WHAT IS BEING ASKED => Every line from the one holding "Rams Uv400 Ultra" through the one holding "影视原声 - <因为遇见你>发布会全程精彩回顾" in the data below must be returned exactly, both ends included, with pictures left out and nothing else added.
Start of INPUT DATA
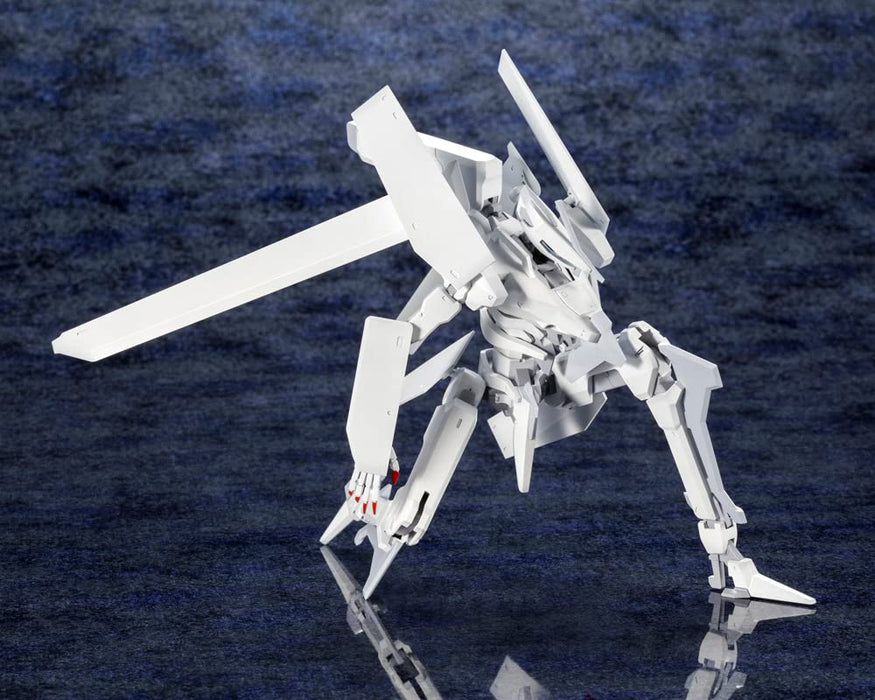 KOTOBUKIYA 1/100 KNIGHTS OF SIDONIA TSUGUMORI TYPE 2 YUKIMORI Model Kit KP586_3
End of INPUT DATA
Start of INPUT DATA
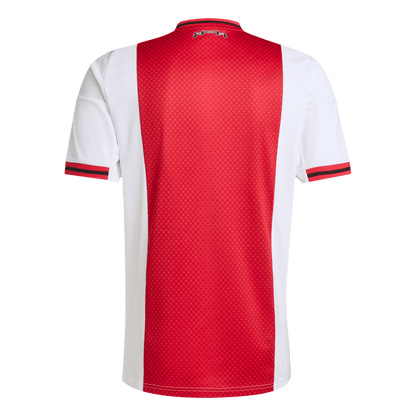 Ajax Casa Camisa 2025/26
End of INPUT DATA
Start of INPUT DATA
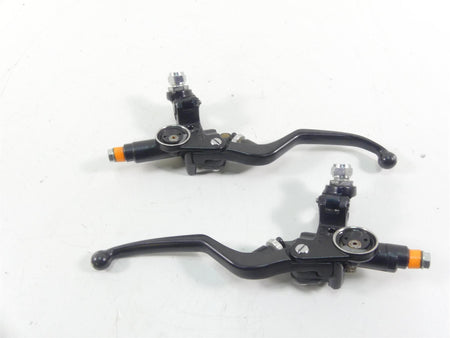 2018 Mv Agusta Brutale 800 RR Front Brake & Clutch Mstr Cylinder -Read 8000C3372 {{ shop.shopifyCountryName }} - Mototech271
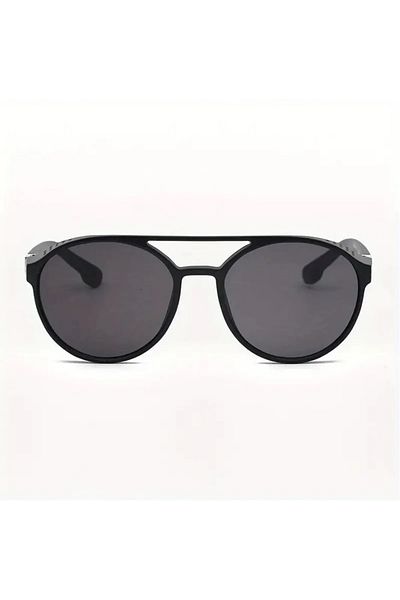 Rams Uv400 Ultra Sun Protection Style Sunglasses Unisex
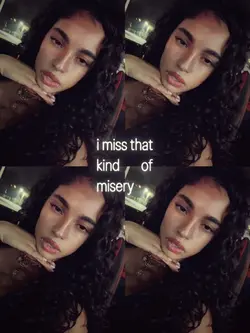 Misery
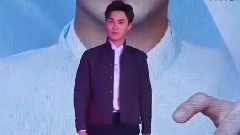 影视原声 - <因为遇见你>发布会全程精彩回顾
End of INPUT DATA
COMPLETED TASK =>
 Rams Uv400 Ultra Sun Protection Style Sunglasses Unisex
 Misery
 影视原声 - <因为遇见你>发布会全程精彩回顾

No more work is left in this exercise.